Sunday, November 29, 2009

We are all victims of war

I've been reading Gail Collins' latest [When Everything Changed] about the stunning revolution in the lives of women since 1960. Having lived it, every single minute of it, it still makes me cross to read about where things stood with women in 1960. I can't read this book before I go to sleep at night because it pisses me off to the extent that I'm sleeplessly thrashing for hours, or, if sleeping, grinding my teeth to the point where it wakes me up and I get mad all over again.

Today on CBS Sunday Morning, I listened to David Edelstein recommending various off-beat DVD's to give for Christmas, and in explaining a couple of funny-in-their-anachronisms hygiene movies from the 50s [How to be a Man, How to be a Woman] he quoted his cousin the sociologist saying that when World War II was over, the men coming home were so shaken by their experience that they did everything they could to shape their world into a normality that never was. The Donna Reed/Father Knows Best society they set up wasn't, then, just a question of men demanding their jobs back from Rosie the Riveter, nor just that men demanded to take up their remembered positions as petty tyrants, pushing women and children around in order to reassert what they felt was their rightful place in God's world. What we know now about PTSD, what I remember in my own life from my father's temperament and that of my friends' fathers, after a nightmarish time in the Pacific Theater, is now shading, just a bit, the conversation in my head about the gender revolution.
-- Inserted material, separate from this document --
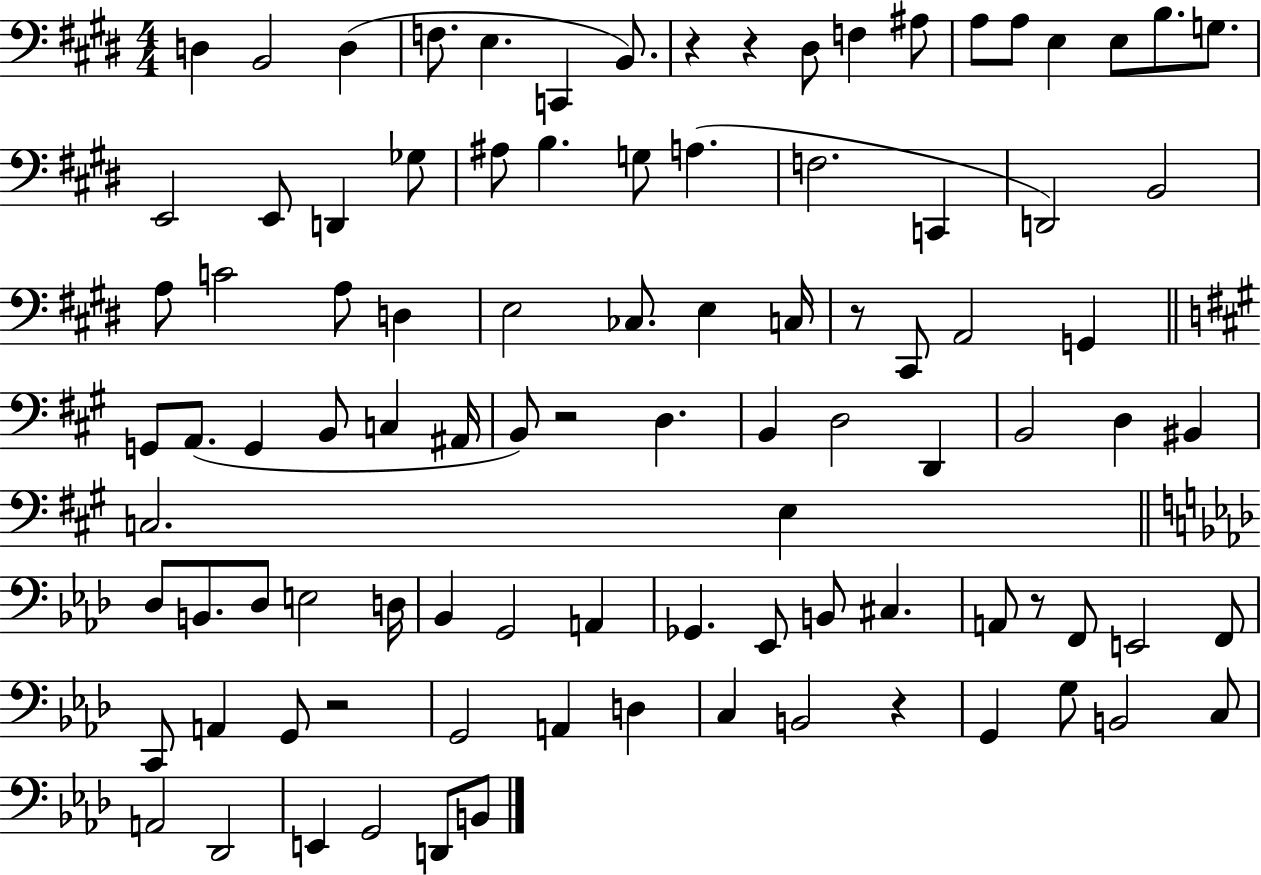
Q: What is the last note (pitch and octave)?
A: B2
Our parents, the Greatest Generation, persisted in their trajectory during the childhoods of the revolutionaries. The men who had been to war stayed manly and refused to talk about the horror they'd done and had done to them, bottling up their emotions (all of their emotions -- can't shut down just one, in case you haven't noticed), closing off emotionally from their wives and children. They doggedly trudged off to work day in and day out, living the only way they felt safe, feeding and simultaneously protecting their families from the bloody violence they knew pulsed and breathed, barely hidden, inside themselves. Their sons grew up angry and sullen; without a model of male self-expression the boys had no definition in their emotional lives, they only saw that emotion was dangerous and that in denial was safety. The daughters of the Greatest Generation, less angry and too wary of the unnamed monster to exhibit "attitude", watched and learned as their mothers embodied household drudgery and -- afraid of the latent violence, and sorrowful in their understanding of their wounded husbands -- kept their mouths firmly shut, conspiring in the silence.
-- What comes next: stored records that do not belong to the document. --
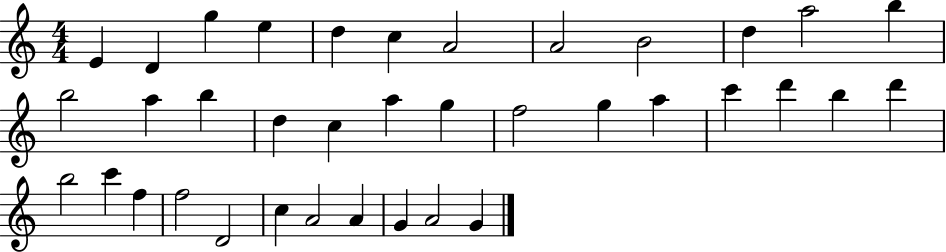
X:1
T:Untitled
M:4/4
L:1/4
K:C
E D g e d c A2 A2 B2 d a2 b b2 a b d c a g f2 g a c' d' b d' b2 c' f f2 D2 c A2 A G A2 G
The sexual revolution was executed in very angry terms; all of a sudden young wives were enraged at the treatment they had suffered at the hands of their most intimate lovers -- the stony silences, the belittling, the dry sarcasms and the brute force exerted when the belittling and the sarcasm didn't force their submission. Consciousness-raising groups implanted a sensor in our brains for when that process might be starting, and at any moment there could be an uproar in our stage-set homes. Paranoia struck deep in the heartland, and very soon men who hadn't even been of age to go to the war started wearing hunted expressions, and began to feel abused themselves. "GOOD!" said the women; "How does it feel, asshole?"

When Vietnam came around further hell broke loose, here and abroad; my closest woman friend says we are all -- ALL of us -- broken and battered veterans of war.

I'm just saying.... We could give men a bit of a break here, and acknowledge the sorrow, and the wounds, we all carry from common international misadventure.